An intensely competitive environment currently prevails across property/casualty reinsurance markets worldwide. The supply of reinsurance capacity continues to far exceed demand. A major driving factor here is the very healthy capitalisation of most insurers due to the absence of large losses in regions with a high risk potential. Ceding companies have responded by passing on fewer risks to reinsurers. The pressure on prices, especially in US natural catastrophe business, has been further exacerbated by the inflow of capital from alternative sources – i.e. the ILS market, which for its part is experiencing substantial cash inflows from pension and hedge funds.

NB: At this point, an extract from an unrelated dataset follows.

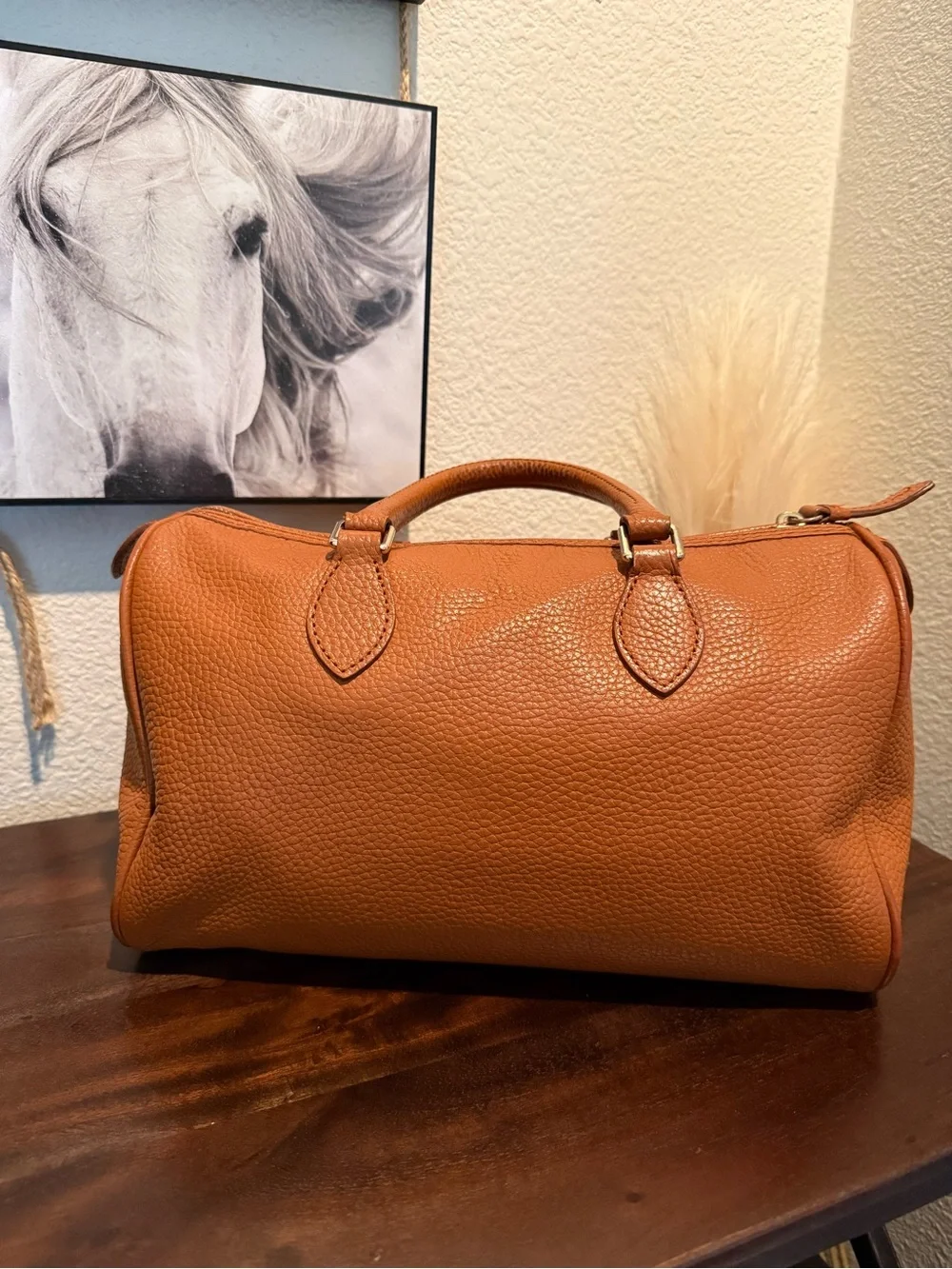 Dooney & Bourke Tan Pebbled Leather Satchel with Detachable Strap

As a further factor, the protracted low level of interest rates is putting a strain on reinsurers, with pricing discipline taking on particular significance in the face of diminished investment returns. These general conditions are in turn likely – provided the current year is once again spared market-changing major loss events – to shape the treaty renewals as at 1 January 2015. On the one hand, competitive pressure will therefore probably remain high. On the other hand, reinsurance prices should – leaving aside a few exceptions – stabilise relative to the business renewed for the 2014 underwriting year because scope for further rate reductions is limited in light of the return on equity required by reinsurers.
With its profit-oriented underwriting policy Hannover Re considers itself well-placed to handle the challenges posed by the soft market conditions. “What is vital in this climate is to keep a disciplined eye on ensuring that treaty conditions remain commensurate with the risks”, Chief Executive Officer Ulrich Wallin emphasised during a press conference in Monte Carlo. “Our cedants can rely on high-quality coverage concepts for appropriate prices. In areas where adequate prices cannot be obtained, we are prepared to relinquish business going forward, as we have in the past.”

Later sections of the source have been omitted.